5. Se proprio devi riflettere fallo lontano da occhi indiscreti. Chi pensa non ha nient’altro da fare. 
6. Non frequentare corsi di formazione. Non sei pagato per perdere tempo in attività improduttive. 
7. Se proprio alla formazione non sai rinunciare (e posso capire solo se in aula ci sono io …), allora cerca di arrivare con almeno 30 minuti di ritardo e lasciare l’aula un’ora prima degli altri.

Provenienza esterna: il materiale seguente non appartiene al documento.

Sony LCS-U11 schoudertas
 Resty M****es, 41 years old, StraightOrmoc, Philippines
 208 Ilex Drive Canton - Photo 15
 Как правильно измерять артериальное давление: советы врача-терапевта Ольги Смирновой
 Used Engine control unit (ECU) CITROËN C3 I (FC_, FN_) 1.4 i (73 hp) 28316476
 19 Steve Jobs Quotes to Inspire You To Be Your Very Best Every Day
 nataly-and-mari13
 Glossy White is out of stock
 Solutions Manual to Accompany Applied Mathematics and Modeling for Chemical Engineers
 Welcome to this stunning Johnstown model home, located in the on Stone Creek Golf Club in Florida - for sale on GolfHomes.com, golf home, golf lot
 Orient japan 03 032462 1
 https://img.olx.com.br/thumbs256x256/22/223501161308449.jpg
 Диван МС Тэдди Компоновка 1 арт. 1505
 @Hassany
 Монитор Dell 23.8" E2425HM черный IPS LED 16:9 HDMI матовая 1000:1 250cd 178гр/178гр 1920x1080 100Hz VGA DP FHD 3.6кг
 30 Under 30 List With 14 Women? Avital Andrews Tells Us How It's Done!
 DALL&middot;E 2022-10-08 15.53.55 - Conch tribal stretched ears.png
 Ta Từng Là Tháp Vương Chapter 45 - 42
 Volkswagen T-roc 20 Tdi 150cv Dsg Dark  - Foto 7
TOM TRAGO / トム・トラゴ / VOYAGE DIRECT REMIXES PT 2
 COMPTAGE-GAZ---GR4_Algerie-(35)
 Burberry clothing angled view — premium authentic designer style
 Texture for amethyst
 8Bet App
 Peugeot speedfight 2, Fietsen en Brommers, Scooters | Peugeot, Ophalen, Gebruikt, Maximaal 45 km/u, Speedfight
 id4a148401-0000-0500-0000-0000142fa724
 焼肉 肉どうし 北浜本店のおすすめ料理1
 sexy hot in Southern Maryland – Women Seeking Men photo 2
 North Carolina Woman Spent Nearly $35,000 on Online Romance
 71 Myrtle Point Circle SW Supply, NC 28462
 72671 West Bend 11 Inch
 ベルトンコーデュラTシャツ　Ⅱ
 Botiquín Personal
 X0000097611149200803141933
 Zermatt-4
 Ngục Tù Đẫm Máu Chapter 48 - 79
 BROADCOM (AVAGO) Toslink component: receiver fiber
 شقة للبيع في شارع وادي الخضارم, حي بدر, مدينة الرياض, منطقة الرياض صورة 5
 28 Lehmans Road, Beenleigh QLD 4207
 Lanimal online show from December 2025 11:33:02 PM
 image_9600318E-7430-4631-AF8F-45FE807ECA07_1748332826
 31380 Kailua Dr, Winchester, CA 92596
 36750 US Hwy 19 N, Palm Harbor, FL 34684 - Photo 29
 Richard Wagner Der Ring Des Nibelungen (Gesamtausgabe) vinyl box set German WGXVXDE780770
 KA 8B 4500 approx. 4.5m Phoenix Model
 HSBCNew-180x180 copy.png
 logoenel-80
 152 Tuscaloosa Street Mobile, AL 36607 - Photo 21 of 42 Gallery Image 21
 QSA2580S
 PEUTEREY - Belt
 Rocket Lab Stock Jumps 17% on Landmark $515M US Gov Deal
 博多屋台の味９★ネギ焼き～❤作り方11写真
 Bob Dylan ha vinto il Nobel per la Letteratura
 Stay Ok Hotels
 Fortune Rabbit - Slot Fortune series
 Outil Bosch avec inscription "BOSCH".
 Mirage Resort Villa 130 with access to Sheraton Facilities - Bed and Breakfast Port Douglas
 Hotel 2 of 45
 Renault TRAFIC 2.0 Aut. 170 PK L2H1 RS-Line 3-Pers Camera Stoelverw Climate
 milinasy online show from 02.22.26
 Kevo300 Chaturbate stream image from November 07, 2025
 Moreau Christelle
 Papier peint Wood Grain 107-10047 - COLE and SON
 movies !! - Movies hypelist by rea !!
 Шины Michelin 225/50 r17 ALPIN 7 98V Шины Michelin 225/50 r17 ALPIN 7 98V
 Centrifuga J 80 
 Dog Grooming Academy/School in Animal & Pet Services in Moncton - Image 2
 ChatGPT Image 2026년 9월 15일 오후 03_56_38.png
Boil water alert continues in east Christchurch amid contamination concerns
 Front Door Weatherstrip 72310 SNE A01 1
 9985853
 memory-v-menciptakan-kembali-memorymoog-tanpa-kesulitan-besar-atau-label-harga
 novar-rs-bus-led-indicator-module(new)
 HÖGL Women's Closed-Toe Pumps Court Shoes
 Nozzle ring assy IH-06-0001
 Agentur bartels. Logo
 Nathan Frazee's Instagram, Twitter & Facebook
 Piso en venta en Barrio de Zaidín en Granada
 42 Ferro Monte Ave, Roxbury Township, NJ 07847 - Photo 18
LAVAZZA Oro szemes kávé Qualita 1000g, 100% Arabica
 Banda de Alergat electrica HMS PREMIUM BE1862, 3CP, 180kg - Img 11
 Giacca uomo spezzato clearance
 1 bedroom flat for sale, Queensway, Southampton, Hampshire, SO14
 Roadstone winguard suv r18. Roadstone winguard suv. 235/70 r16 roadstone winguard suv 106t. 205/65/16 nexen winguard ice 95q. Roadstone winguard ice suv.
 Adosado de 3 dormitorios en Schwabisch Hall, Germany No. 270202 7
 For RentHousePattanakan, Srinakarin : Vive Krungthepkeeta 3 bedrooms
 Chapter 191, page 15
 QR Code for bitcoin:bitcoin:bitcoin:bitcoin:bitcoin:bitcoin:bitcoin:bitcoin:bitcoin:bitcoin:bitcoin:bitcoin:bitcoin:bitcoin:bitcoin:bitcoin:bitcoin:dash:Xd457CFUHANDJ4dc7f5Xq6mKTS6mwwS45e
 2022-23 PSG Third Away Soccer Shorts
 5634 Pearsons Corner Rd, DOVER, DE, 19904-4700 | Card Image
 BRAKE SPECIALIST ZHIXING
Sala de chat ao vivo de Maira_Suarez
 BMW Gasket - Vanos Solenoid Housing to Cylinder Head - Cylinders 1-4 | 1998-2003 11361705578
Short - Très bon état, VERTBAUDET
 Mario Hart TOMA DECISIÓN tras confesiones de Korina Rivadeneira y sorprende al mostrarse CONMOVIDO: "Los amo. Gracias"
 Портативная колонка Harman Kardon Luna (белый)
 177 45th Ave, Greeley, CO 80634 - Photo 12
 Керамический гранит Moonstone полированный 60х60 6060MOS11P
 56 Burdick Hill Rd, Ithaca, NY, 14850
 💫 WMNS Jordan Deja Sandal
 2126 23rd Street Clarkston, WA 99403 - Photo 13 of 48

Impegni inderogabili incombono e, tuo malgrado, non puoi sottrarti. 
8. Avrai l’accortezza di fare lo stesso nelle riunioni alle quali partecipi, rendendo evidente a tutti il carico di lavoro, al limite dell’umano, che ogni giorno sei costretto a sopportare.  
...........
 
Di fatto questo decalogo conferma molte delle situazioni che erano state descritte in questo blog, partendo da osservazioni empiriche e dall’interno: questo mi sembra molto importante, visto che in questo caso vengono da esperti di organizzazione.
Il quadro che mi sembra uscire, proprio in accordo con le mie descrizioni, è che in azienda ciò che è diventato sempre più importante, non è il risultato del lavoro del singolo e dell’organizzazione, bensì l’impressione che si deve trasmettere ad altri enti o all’esterno: non sono importanti l’organizzazione i metodi e la qualita' di ciò che si fa, ma sono diventati via via fondamentali la frenesia, la quantità di tempo dedicata al lavoro, la propria importanza da trasmettere mettendo in mostra di essere sovraccarichi (a volte addirittura provocano ad hoc questa situazione di sovraccarico).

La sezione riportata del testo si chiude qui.